● **HOW TO COMPLETE THIS TASK**
For the entries below, the expected answer is the line with "欧式别墅外观草图大师模型，别墅外观sketchup模型免费下载", the line with "1966 TW de Jongh", and every line between them, exactly as written, and nothing more.

[Stored data entries]
- - - - - - -

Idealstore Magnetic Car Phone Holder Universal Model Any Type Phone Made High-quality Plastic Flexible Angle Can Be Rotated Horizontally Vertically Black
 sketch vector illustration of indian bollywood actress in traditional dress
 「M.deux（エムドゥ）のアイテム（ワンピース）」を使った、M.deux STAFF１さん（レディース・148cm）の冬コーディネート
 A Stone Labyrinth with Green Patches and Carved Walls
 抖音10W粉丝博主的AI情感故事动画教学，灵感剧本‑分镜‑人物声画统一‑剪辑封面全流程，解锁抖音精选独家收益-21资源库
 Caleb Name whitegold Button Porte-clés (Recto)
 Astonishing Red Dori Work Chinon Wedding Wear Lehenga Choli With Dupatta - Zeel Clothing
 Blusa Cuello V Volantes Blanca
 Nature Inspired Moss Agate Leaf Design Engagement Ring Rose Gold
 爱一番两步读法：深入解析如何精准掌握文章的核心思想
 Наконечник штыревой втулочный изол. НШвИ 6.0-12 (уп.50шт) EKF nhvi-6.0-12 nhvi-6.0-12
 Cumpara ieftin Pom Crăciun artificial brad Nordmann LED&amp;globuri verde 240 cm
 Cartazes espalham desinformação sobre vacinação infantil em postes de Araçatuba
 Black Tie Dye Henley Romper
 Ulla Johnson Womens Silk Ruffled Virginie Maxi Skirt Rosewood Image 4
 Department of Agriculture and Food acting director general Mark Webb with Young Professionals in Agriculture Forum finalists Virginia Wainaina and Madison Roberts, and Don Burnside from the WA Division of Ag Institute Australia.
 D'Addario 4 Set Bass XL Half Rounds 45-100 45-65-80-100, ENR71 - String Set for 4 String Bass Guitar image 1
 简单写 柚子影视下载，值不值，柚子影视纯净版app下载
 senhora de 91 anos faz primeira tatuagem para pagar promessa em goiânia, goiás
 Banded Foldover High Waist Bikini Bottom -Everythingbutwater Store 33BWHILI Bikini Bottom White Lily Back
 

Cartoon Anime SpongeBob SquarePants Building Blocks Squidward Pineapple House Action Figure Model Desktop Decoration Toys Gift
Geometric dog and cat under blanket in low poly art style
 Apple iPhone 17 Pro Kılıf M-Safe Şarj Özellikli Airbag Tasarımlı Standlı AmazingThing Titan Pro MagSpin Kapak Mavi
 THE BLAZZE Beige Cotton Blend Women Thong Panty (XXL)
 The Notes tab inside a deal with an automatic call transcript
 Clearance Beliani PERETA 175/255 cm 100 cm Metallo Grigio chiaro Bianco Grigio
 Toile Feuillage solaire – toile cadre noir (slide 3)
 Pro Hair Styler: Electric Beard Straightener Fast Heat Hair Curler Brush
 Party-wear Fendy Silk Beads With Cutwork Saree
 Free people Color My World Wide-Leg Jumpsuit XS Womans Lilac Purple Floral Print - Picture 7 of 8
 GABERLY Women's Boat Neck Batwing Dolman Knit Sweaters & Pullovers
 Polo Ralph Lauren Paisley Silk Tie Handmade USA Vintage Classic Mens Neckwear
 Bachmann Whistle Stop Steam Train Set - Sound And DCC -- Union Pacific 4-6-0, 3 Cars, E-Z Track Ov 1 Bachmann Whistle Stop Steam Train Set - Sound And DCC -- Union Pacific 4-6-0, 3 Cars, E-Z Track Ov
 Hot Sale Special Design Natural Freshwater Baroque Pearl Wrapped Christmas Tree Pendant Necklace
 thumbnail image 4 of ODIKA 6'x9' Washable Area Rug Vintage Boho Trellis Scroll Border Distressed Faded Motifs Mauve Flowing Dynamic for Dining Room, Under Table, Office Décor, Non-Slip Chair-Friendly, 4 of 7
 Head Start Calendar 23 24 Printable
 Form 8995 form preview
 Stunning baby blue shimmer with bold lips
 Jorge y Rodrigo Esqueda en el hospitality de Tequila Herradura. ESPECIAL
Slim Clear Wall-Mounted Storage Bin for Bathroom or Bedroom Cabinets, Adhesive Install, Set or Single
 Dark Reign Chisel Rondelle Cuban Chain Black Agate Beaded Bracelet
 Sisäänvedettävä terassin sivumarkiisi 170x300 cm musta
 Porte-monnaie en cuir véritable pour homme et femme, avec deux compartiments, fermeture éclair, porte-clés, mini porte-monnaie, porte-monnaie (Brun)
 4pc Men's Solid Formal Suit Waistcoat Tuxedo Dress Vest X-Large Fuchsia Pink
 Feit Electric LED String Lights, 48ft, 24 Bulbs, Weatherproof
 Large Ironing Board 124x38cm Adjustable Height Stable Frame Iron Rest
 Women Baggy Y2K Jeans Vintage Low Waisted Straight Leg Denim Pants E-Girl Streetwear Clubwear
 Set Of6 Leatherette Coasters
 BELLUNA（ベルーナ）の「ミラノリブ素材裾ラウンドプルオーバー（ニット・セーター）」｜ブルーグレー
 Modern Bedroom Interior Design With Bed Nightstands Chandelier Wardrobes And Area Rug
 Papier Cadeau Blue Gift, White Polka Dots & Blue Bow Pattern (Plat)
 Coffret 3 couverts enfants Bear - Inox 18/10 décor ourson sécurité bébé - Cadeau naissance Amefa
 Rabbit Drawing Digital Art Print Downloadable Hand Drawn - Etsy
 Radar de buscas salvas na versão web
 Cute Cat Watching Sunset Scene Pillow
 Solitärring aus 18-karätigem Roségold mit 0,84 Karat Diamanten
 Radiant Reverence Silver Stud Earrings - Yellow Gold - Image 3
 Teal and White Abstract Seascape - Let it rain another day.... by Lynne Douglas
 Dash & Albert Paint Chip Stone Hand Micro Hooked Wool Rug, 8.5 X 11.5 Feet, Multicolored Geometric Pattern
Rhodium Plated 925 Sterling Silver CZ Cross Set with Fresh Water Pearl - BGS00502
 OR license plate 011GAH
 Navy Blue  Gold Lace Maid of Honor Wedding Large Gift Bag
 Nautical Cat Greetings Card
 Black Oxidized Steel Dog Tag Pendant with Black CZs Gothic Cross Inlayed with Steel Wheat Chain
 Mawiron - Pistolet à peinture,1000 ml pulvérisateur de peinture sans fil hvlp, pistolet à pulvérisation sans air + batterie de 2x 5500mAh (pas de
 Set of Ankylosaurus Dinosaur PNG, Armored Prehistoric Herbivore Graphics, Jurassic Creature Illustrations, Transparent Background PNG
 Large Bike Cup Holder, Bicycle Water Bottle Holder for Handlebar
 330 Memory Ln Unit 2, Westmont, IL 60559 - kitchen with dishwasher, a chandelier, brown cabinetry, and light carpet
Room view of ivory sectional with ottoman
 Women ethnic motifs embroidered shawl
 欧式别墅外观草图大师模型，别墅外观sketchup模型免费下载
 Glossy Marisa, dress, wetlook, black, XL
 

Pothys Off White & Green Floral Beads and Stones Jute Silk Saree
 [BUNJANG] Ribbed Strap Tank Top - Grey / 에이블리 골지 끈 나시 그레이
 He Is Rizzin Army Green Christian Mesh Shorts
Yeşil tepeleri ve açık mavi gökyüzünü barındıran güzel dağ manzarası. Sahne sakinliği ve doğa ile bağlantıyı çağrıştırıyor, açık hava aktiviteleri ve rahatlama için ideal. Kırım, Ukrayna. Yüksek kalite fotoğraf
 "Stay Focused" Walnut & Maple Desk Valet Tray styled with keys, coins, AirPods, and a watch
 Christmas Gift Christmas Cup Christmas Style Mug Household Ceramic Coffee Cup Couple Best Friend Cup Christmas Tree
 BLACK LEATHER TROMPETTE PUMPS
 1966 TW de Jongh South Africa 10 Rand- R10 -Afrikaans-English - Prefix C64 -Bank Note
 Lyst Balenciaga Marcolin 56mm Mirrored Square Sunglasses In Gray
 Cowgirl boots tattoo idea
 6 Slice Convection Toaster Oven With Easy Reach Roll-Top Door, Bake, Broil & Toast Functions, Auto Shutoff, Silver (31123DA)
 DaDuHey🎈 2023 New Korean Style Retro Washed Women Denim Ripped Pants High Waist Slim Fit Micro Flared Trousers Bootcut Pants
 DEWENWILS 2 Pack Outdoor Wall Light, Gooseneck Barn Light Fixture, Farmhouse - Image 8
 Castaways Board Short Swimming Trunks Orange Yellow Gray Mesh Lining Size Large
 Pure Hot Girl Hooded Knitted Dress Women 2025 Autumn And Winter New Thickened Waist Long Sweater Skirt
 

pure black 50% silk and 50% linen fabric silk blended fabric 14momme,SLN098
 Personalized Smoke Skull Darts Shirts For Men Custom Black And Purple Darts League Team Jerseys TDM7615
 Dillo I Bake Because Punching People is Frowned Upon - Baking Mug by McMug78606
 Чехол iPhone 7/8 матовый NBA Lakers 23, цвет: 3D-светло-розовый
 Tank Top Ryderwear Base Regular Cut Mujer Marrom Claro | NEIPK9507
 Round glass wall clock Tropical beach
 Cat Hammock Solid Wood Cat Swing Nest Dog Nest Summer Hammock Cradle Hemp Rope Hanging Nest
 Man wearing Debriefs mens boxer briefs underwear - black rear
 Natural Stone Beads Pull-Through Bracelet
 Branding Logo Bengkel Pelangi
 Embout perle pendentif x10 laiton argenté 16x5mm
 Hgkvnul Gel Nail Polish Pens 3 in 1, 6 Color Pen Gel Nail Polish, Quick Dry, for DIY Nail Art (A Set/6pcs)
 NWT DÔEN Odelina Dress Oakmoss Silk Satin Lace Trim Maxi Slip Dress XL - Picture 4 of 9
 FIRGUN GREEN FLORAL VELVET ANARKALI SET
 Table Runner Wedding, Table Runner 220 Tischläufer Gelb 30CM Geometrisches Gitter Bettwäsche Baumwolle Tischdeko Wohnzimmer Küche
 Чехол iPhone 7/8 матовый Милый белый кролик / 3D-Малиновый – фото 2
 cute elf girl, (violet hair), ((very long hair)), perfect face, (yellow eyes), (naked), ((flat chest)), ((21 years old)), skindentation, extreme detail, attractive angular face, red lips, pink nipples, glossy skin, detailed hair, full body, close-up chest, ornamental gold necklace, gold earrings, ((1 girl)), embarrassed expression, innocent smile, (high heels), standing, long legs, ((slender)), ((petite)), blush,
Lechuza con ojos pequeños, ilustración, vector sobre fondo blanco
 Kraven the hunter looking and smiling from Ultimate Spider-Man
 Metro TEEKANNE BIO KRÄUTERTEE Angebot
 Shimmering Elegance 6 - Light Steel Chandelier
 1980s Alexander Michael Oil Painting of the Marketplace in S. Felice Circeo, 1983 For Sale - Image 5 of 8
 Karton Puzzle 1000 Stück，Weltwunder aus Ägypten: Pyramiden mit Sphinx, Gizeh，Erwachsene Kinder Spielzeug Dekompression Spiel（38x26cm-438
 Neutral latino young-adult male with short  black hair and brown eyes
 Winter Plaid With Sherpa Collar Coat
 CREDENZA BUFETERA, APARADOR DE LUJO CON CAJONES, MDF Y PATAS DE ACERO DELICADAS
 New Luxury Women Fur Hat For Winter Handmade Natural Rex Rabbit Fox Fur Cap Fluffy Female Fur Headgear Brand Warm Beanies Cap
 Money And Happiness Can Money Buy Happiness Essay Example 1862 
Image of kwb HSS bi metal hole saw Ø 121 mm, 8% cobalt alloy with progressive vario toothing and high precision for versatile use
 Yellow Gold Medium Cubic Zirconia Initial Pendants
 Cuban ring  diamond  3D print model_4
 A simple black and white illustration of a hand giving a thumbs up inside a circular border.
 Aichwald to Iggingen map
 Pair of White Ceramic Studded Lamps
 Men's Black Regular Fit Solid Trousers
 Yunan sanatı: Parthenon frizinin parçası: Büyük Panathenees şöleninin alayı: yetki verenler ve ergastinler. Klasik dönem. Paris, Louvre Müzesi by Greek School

- - - - - - -

● **EXERCISE RESULT**
 欧式别墅外观草图大师模型，别墅外观sketchup模型免费下载
 Glossy Marisa, dress, wetlook, black, XL
 

Pothys Off White & Green Floral Beads and Stones Jute Silk Saree
 [BUNJANG] Ribbed Strap Tank Top - Grey / 에이블리 골지 끈 나시 그레이
 He Is Rizzin Army Green Christian Mesh Shorts
Yeşil tepeleri ve açık mavi gökyüzünü barındıran güzel dağ manzarası. Sahne sakinliği ve doğa ile bağlantıyı çağrıştırıyor, açık hava aktiviteleri ve rahatlama için ideal. Kırım, Ukrayna. Yüksek kalite fotoğraf
 "Stay Focused" Walnut & Maple Desk Valet Tray styled with keys, coins, AirPods, and a watch
 Christmas Gift Christmas Cup Christmas Style Mug Household Ceramic Coffee Cup Couple Best Friend Cup Christmas Tree
 BLACK LEATHER TROMPETTE PUMPS
 1966 TW de Jongh South Africa 10 Rand- R10 -Afrikaans-English - Prefix C64 -Bank Note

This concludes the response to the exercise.